> _The problem_: Copy out the lines of the records below, and only those lines, from the one with "Rag and bone grey camo sweater" through the one with "Tommy Jeans TJ", exactly as they appear.

> _Extracted material_:
◇ ◇ ◇
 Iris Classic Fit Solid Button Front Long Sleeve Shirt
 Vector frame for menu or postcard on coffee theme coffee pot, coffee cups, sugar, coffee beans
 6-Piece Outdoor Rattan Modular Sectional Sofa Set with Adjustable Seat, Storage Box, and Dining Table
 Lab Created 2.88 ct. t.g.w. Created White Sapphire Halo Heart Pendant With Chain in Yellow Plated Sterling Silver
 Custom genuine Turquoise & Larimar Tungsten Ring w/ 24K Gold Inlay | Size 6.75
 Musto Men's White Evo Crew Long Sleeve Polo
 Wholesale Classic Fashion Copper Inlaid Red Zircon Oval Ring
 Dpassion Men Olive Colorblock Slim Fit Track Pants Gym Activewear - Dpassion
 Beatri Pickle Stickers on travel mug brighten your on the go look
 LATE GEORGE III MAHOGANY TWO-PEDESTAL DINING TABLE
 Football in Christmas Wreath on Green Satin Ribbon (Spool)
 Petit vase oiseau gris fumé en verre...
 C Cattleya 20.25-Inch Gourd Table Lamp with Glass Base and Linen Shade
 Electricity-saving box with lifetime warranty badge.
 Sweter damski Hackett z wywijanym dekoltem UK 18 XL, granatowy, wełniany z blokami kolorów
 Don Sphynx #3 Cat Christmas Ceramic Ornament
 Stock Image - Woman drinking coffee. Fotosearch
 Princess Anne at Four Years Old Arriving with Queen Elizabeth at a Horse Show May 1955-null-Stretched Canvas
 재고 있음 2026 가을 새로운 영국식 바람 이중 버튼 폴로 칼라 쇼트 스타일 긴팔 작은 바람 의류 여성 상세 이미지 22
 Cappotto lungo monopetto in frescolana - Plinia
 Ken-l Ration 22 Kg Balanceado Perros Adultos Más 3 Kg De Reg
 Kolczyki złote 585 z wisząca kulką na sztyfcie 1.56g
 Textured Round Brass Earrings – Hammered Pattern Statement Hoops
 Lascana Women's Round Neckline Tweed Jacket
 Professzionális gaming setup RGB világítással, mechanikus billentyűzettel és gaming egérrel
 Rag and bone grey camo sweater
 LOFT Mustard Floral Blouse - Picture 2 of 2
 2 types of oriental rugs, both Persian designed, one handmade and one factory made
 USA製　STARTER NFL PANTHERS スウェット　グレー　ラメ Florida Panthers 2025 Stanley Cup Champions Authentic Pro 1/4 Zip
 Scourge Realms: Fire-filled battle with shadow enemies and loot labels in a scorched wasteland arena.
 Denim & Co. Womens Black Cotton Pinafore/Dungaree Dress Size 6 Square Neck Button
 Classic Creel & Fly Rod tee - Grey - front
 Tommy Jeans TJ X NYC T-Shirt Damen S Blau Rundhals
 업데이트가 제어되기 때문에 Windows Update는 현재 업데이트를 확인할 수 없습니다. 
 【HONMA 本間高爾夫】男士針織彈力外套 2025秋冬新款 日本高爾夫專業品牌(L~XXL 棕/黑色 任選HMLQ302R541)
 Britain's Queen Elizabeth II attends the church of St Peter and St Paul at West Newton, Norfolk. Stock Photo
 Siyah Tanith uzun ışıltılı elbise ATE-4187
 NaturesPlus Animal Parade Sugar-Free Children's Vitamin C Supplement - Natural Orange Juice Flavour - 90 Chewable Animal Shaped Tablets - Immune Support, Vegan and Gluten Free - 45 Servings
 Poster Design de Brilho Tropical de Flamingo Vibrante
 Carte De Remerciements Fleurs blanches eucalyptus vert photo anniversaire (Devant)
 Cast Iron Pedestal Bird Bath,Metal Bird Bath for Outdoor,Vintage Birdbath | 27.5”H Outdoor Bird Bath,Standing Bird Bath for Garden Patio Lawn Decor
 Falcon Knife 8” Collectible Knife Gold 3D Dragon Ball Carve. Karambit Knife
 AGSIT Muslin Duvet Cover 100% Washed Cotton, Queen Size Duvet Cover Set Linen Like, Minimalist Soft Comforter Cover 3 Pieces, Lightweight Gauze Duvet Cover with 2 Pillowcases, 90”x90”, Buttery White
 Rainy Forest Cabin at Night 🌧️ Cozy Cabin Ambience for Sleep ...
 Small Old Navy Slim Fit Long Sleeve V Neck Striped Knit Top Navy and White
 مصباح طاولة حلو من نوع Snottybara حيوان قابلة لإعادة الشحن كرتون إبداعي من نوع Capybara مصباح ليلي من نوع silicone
◇ ◇ ◇
> _Output below_:
 Rag and bone grey camo sweater
 LOFT Mustard Floral Blouse - Picture 2 of 2
 2 types of oriental rugs, both Persian designed, one handmade and one factory made
 USA製　STARTER NFL PANTHERS スウェット　グレー　ラメ Florida Panthers 2025 Stanley Cup Champions Authentic Pro 1/4 Zip
 Scourge Realms: Fire-filled battle with shadow enemies and loot labels in a scorched wasteland arena.
 Denim & Co. Womens Black Cotton Pinafore/Dungaree Dress Size 6 Square Neck Button
 Classic Creel & Fly Rod tee - Grey - front
 Tommy Jeans TJ X NYC T-Shirt Damen S Blau Rundhals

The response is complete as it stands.